William Kentridge presents his new installation in Palermo


The great South African artist William Kentridge has chosen Palermo to unveil his new installation, "You Whom I Could Not Save," which also gives the title to an exhibition being held at Palazzo Branciforte from Oct. 8, 2023 to Jan. 12, 2024.

Palermo will be the city where the great South African artist William Kentridge (Johannesburg, 1955) will present his new sound installation with projection: titled You Whom I Could Not Save , it gives the title to the South African artist’s solo exhibition and will be on view from October 8, 2023 to January 12, 2024 at Palazzo Branciforte. The work is offered together with 16 previously unpublished drawings made on a 19th-century Sicilian account book, the video work Sibyl (2020), bronze and painted bronze sculptures, and a sequence of tapestries.

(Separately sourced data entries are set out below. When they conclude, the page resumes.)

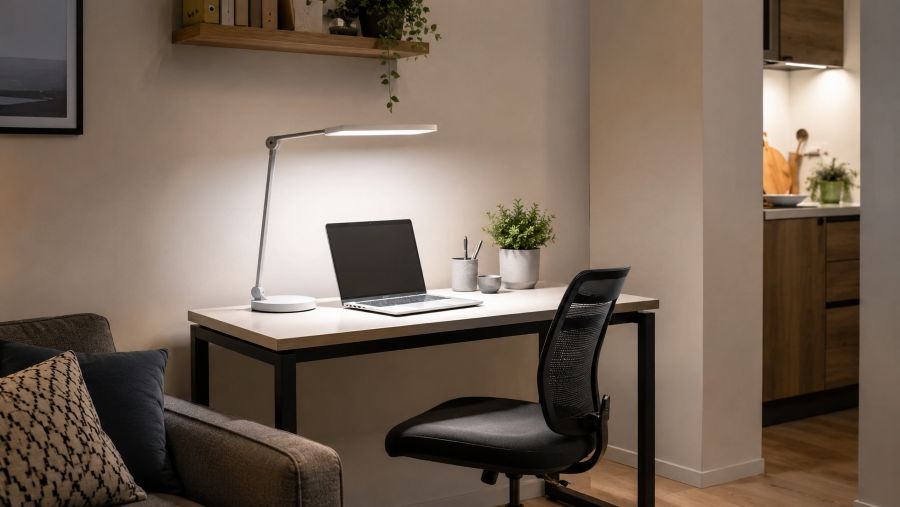 Small apartment desk corner lit by a cool, bright work lighting scene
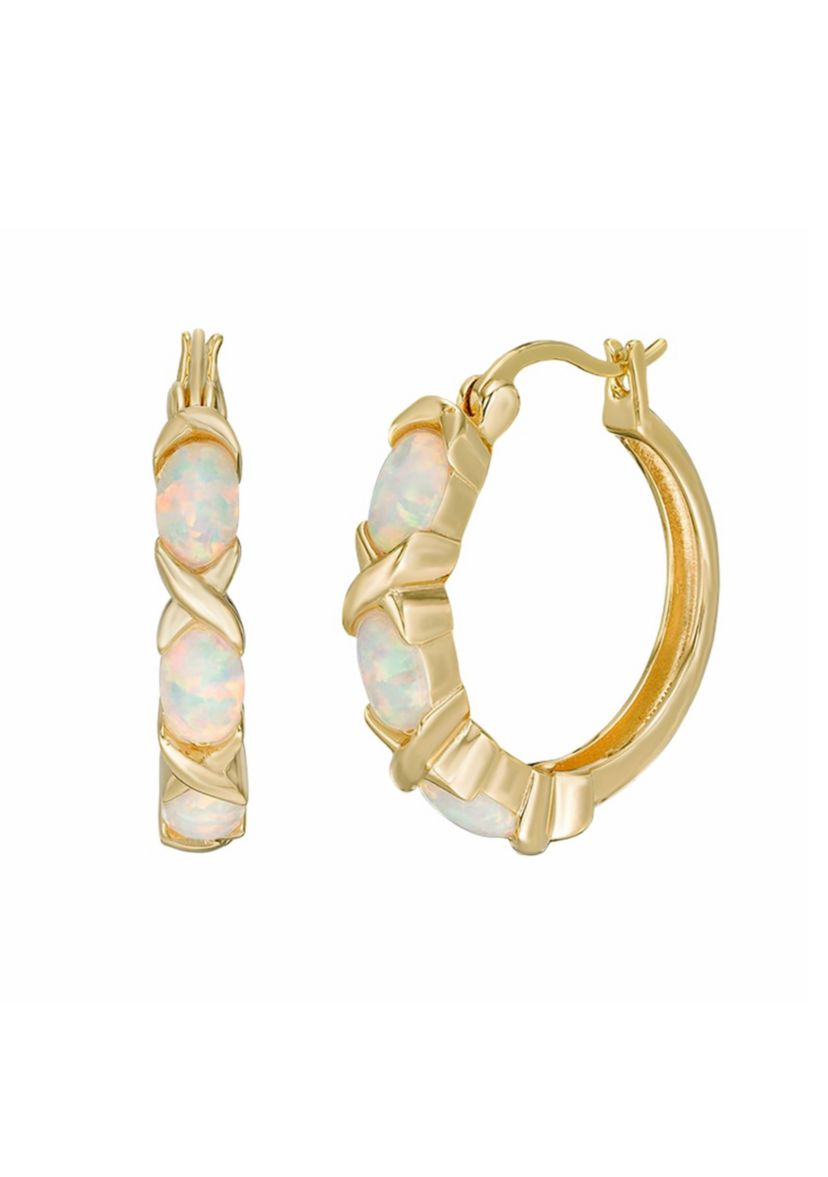 Lab Created 1.8 ct. t.w. Lab-created Opal Hoop Earrings in Gold Plated Sterling Silver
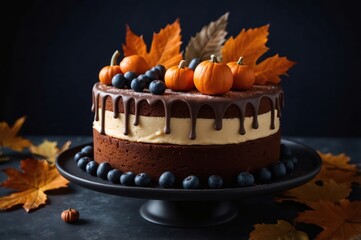 Poster - festive autumn cake with pumpkins and leaves
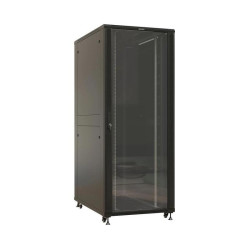 Шкаф коммутационный Hyperline (TTBR-4288-AS-RAL9004) напольный 42U 800x800мм пер.дв.стекл задн.дв.спл.стал.лист 2 бок.пан. 1000кг черный 710мм 2055мм IP20 сталь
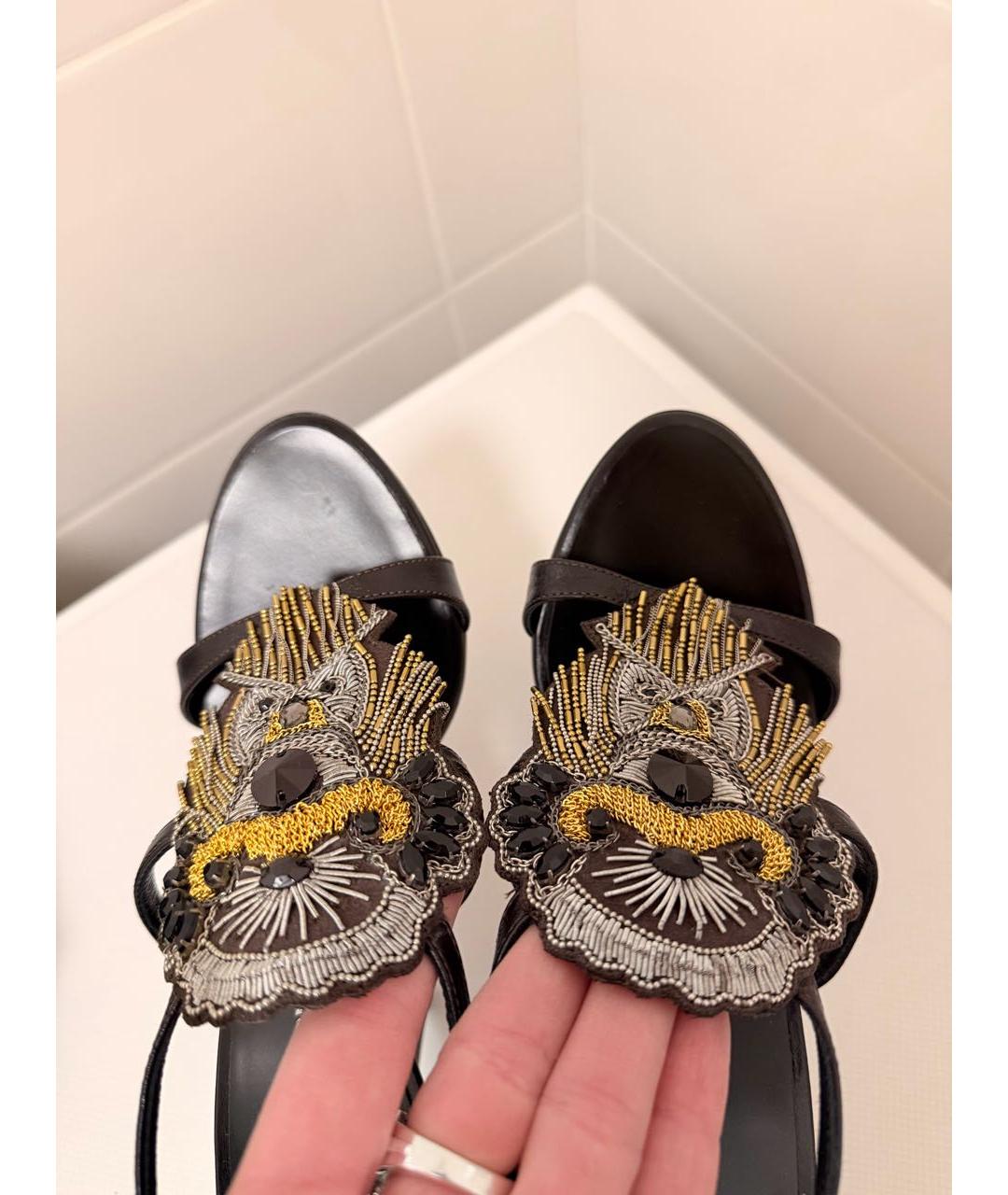 GIUSEPPE ZANOTTI DESIGN Коричневые кожаные босоножки, фото 4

The project, created specifically for Palermo and to be inaugurated during the Days of the Contemporary, is curated by art historians Giulia Ingarao and Alessandra Buccheri, conceived by Antonio Leone, artistic director of ruber.contemporanea, and supported by Fondazione Sicilia, with coordination by Sicily Art and Culture.

You Whom I Could Not Save will be housed in the heart of the Piranesian evocative architecture of Palazzo Branciforte’s Monte dei Pegni di Santa Rosalia, which will be flanked by the video work Sibyl, which Kentridge will make in 2020. The space’s labyrinthine path will be punctuated by the presence of eight large megaphones that will broadcast music composed by Nhlanhla Mahlangu and directed by Tlale Makhene: a sonic interweaving of texts belonging to the Nguni language group, themselves made up of IsiZulu, IsiSwati, IsiXhosa and XiTsonga. At the same time, bronze and painted bronze sculptures and a sequence of tapestries will be displayed among the wooden shelving of the Mount, as in ephemeral theaters.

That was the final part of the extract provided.